**Description of the task:** Take the data that follows and return it exactly.

**Input for this task:**
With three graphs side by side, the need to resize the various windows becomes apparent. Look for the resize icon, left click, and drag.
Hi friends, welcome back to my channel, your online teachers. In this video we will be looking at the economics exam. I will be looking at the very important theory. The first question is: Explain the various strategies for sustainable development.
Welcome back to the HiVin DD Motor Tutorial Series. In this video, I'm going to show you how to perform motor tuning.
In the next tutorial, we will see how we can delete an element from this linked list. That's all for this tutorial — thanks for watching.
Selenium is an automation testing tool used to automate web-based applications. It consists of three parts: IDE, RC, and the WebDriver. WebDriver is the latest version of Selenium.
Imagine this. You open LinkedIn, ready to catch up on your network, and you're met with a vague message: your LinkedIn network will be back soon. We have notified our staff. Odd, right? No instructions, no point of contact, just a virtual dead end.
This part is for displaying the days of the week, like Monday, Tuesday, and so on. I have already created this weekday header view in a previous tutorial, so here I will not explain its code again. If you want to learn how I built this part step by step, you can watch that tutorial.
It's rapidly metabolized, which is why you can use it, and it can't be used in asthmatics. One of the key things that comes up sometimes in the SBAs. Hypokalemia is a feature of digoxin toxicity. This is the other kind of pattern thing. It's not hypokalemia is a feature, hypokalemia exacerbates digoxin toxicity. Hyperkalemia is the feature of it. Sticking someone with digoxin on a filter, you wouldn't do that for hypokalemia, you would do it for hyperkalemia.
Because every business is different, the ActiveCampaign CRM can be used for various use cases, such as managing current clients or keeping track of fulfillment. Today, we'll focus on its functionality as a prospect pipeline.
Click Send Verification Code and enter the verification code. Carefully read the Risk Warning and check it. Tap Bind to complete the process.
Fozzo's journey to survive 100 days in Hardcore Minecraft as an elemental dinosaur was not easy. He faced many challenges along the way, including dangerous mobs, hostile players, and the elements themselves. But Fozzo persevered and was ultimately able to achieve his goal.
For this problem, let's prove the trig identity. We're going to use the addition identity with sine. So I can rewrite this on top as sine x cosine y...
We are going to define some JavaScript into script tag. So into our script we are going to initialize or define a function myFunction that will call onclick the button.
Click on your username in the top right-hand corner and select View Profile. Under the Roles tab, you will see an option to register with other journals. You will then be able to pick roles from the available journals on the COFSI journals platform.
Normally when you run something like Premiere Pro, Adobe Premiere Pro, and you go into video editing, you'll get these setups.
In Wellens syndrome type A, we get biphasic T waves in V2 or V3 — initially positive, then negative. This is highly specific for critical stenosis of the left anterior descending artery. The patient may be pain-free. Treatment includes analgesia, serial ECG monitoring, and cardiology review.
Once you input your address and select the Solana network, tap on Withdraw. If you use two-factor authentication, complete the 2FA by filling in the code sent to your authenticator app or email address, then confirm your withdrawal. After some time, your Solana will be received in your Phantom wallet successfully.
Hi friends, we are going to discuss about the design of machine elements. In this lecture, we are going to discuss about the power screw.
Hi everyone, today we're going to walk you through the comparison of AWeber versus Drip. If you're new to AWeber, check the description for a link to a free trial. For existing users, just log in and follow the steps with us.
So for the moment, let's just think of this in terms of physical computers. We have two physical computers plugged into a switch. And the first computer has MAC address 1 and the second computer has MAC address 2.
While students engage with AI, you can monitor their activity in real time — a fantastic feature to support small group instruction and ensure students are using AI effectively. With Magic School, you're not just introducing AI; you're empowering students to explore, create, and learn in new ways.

**Result of this task:**
With three graphs side by side, the need to resize the various windows becomes apparent. Look for the resize icon, left click, and drag.
Hi friends, welcome back to my channel, your online teachers. In this video we will be looking at the economics exam. I will be looking at the very important theory. The first question is: Explain the various strategies for sustainable development.
Welcome back to the HiVin DD Motor Tutorial Series. In this video, I'm going to show you how to perform motor tuning.
In the next tutorial, we will see how we can delete an element from this linked list. That's all for this tutorial — thanks for watching.
Selenium is an automation testing tool used to automate web-based applications. It consists of three parts: IDE, RC, and the WebDriver. WebDriver is the latest version of Selenium.
Imagine this. You open LinkedIn, ready to catch up on your network, and you're met with a vague message: your LinkedIn network will be back soon. We have notified our staff. Odd, right? No instructions, no point of contact, just a virtual dead end.
This part is for displaying the days of the week, like Monday, Tuesday, and so on. I have already created this weekday header view in a previous tutorial, so here I will not explain its code again. If you want to learn how I built this part step by step, you can watch that tutorial.
It's rapidly metabolized, which is why you can use it, and it can't be used in asthmatics. One of the key things that comes up sometimes in the SBAs. Hypokalemia is a feature of digoxin toxicity. This is the other kind of pattern thing. It's not hypokalemia is a feature, hypokalemia exacerbates digoxin toxicity. Hyperkalemia is the feature of it. Sticking someone with digoxin on a filter, you wouldn't do that for hypokalemia, you would do it for hyperkalemia.
Because every business is different, the ActiveCampaign CRM can be used for various use cases, such as managing current clients or keeping track of fulfillment. Today, we'll focus on its functionality as a prospect pipeline.
Click Send Verification Code and enter the verification code. Carefully read the Risk Warning and check it. Tap Bind to complete the process.
Fozzo's journey to survive 100 days in Hardcore Minecraft as an elemental dinosaur was not easy. He faced many challenges along the way, including dangerous mobs, hostile players, and the elements themselves. But Fozzo persevered and was ultimately able to achieve his goal.
For this problem, let's prove the trig identity. We're going to use the addition identity with sine. So I can rewrite this on top as sine x cosine y...
We are going to define some JavaScript into script tag. So into our script we are going to initialize or define a function myFunction that will call onclick the button.
Click on your username in the top right-hand corner and select View Profile. Under the Roles tab, you will see an option to register with other journals. You will then be able to pick roles from the available journals on the COFSI journals platform.
Normally when you run something like Premiere Pro, Adobe Premiere Pro, and you go into video editing, you'll get these setups.
In Wellens syndrome type A, we get biphasic T waves in V2 or V3 — initially positive, then negative. This is highly specific for critical stenosis of the left anterior descending artery. The patient may be pain-free. Treatment includes analgesia, serial ECG monitoring, and cardiology review.
Once you input your address and select the Solana network, tap on Withdraw. If you use two-factor authentication, complete the 2FA by filling in the code sent to your authenticator app or email address, then confirm your withdrawal. After some time, your Solana will be received in your Phantom wallet successfully.
Hi friends, we are going to discuss about the design of machine elements. In this lecture, we are going to discuss about the power screw.
Hi everyone, today we're going to walk you through the comparison of AWeber versus Drip. If you're new to AWeber, check the description for a link to a free trial. For existing users, just log in and follow the steps with us.
So for the moment, let's just think of this in terms of physical computers. We have two physical computers plugged into a switch. And the first computer has MAC address 1 and the second computer has MAC address 2.
While students engage with AI, you can monitor their activity in real time — a fantastic feature to support small group instruction and ensure students are using AI effectively. With Magic School, you're not just introducing AI; you're empowering students to explore, create, and learn in new ways.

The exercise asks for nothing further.